Stiftung Brandenburgische Gedenkstätten Gedenk‑ und Begegnungsstätte Leistikowstraße Potsdam

1945-1991

Central Remand Prison of the Soviet Military Counterintelligence Service

 

In 1945, Europe saw the end of the Second World War, which Germany had begun and had waged especially brutally in Eastern Europe. In the wake of the Red Army, a number of Soviet intelligence services entered Germany, including Soviet military counterintelligence, SMERSH. Its mission was to foil any attempts by foreign agents or internal opponents to infiltrate or weaken the Soviet armed forces. It was responsible for the political surveillance of army personnel and for thwarting efforts directed by Western intelligence services against units of the Soviet Army that were stationed in the Soviet-occupied zone and subsequently in the GDR.

To this end, it kept all army properties, soldiers and officers, their families and the inhabitants of military settlements under observation, as well as German civilian employees and German citizens who came into contact with these people. The western intelligence services mainly planted agents in the latter group. This meant that the counterintelligence service was working directly against its Western opponents.

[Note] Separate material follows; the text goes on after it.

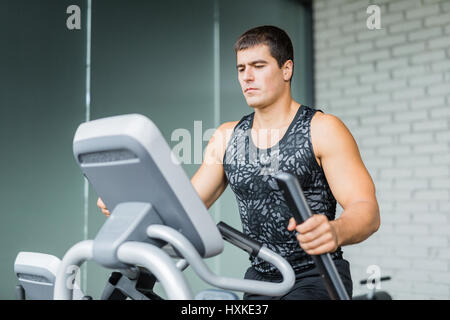 Uomo muscolare mediante macchina ellittica durante gli allenamenti in palestra Foto Stock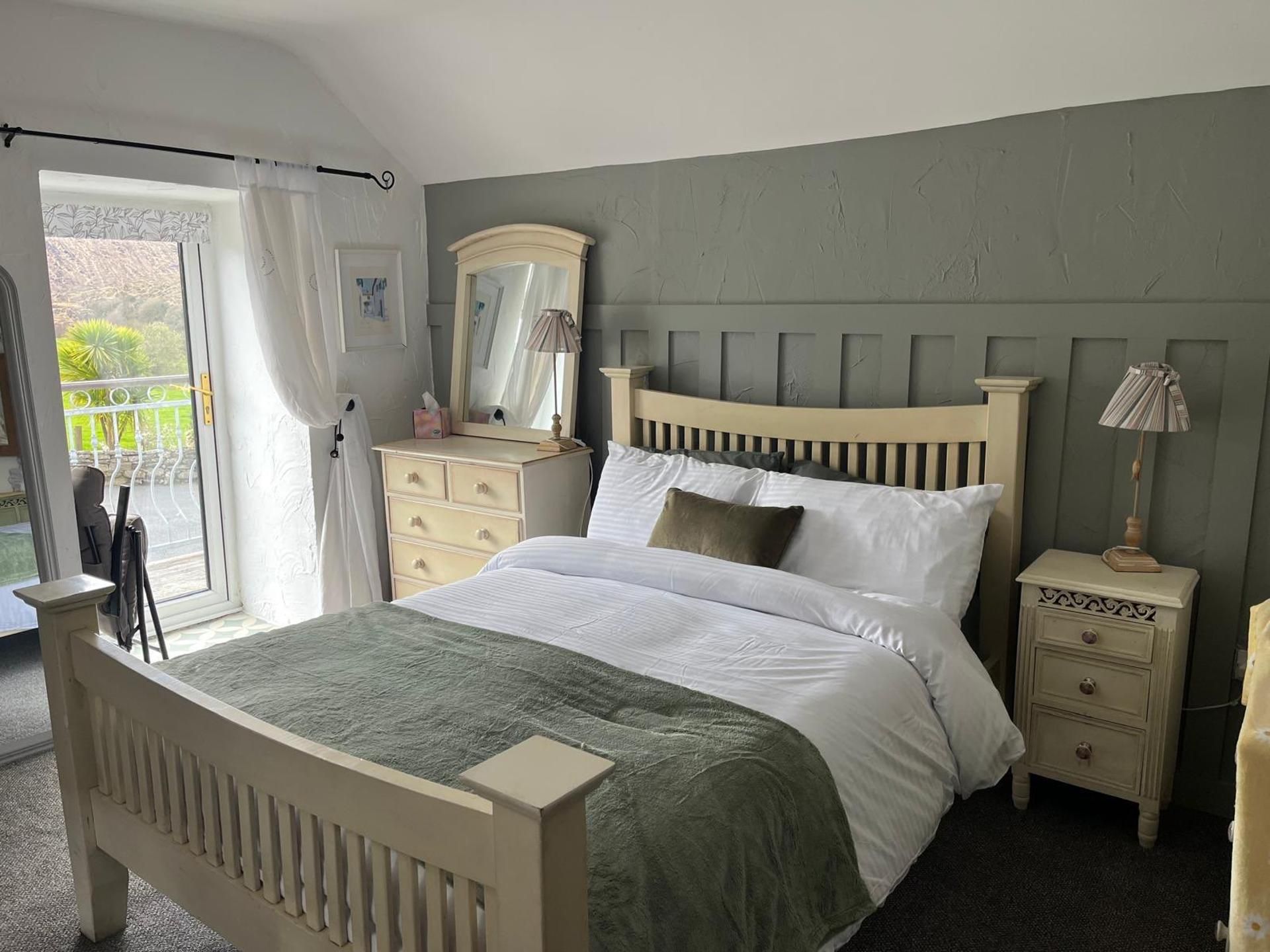 Ein Schlafzimmer mit einem Bett, einem Schminktisch, einem Nachttisch, einer Lampe und einem Fenster mit Vorhängen.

The Soviet service set up its German headquarters in an upmarket suburb of large villas in the north of Potsdam, between two historic parks: Neuer Garten and Pfingstberg. At the centre of this newly created restricted area, referred to as "Military Town No. 7", was the former home of the Evangelical Church Relief Association. It was converted for use as the central remand and transit prison for Soviet military counterintelligence.

The first internees were brought there as early as the late summer of 1945. The people imprisoned there between then and 1955 were mostly citizens of the Soviet Union, with numerous Germans and a few people of other nationalities. In the initial phase, the grounds for arrest were generally related to denazification and consolidating Soviet control, but this picture changed fundamentally as the East-West conflict took a more permanent form. From 1947 onward, the secret service mostly imprisoned people who really had been spying for Western intelligence services, but they often picked on others who had no involvement at all.

The inmates suffered from hunger, cold, isolation and poor hygiene. The Soviet interrogators used violence, sleep deprivation, solitary confinement and hours of interrogation to wear down suspects and force them into making confessions. Those who then appeared before a Soviet military tribunal (SMT) received harsh sentences in the form of unduly long jail terms or even execution.

After 1955, counterintelligence used the prison for detaining military personnel and civilian employees of the Soviet armed forces as well as any members of their families who had committed a crime. They could be accused of disciplinary offences such as desertion and violating army regulations, or of criminal conduct offences. After being convicted, they served penal sentences in labour camps and prisons in the Soviet Union. The building was used as a secret service prison right up until the Soviet secret service (KGB) was disbanded in 1991.

Since 2012, it has housed a permanent exhibition about the history of the site and the fates of people who were associated with it.